Unified Prediction and Planning via Conflict-Aware Disjoint Parameter Training
Abstract
Accurate motion prediction of surrounding agents and safe motion planning are two closely coupled key tasks for social robot navigation in crowded environments. Deploying these systems on resource-constrained edge devices necessitates compact, unified models that can perform both tasks simultaneously. However, within these compact shared encoders, recent unified models often overlook severe representational conflicts that arise from the distinct objectives of predicting neighbor behaviors versus ego-centric safety planning.
To address this issue, we first identify the Skill Conflict — a phenomenon where overlapping parameter assignments cause distinct tasks to compete for the same weights, preventing the model from fully specializing in individual skills. To resolve this, we propose a novel model-merging-based framework, Disjoint Parameter Training (DPT). DPT mitigates performance degradation caused by Skill Conflict through distributed parameter learning, which separates the key parameter regions of each task while preserving their core capabilities prior to merging. In addition, we observe that sparse merging, which selectively integrates only the most influential parameters for each task, yields optimal performance by preventing interference among adjacent features and concentrating representational capacity.
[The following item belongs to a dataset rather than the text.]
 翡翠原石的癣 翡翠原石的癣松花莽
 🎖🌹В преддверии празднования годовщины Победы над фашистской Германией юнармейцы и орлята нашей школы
Evaluated on standard crowd navigation benchmarks (JRDB and JTA), our framework demonstrates superior performance, validating its versatility and effectiveness for safe, resource-efficient robot navigation.
Contributions
- We define and analyze the Skill Conflict problem caused by shared encoder representations in compact, unified prediction-planning models for robot navigation.
- We propose Disjoint Parameter Training (DPT), which separates and localizes each task's core skills within distinct parameter regions, and introduce sparse merging to prevent representational interference among neighboring features.
- Our method achieves superior performance, maintaining accurate prediction and safe planning across standard crowd navigation benchmarks (JRDB and JTA), validating its effectiveness for resource-efficient mobile robots.
Method
Overview of our framework. In the DPT step, task-specific models for prediction and planning are generated by separating their training regions with binary masks, minimizing skill conflict. In Sparse Merging, the two fine-tuned models are combined into a single unified model by utilizing only the most significant task vectors, effectively preserving each task's skill.
Analysis & Results
Skill Conflict grows with parameter usage. As the mask ratio increases from 10% to 50%, the overlap between Plan and Pred skills (red) rises sharply, revealing severe skill conflict within the shared encoder.
Conflict concentrates in the late global layers. The layer-wise distribution of skill conflict is small in early/local layers but spikes in the global layers (G0–G2), peaking at the last one.
Evolution of disjoint masks across DPT allocation steps. Planning (left) and Prediction (right) progressively claim distinct parameter regions across layer groups, separating each task's core skill.
Qualitative results on JRDB. Compared with unified-model and model-merging baselines (a–e), our DPT + Sparse Merging (f) predicts surrounding agents more accurately and produces safer plans.
BibTeX
The citation will be available once the paper is published.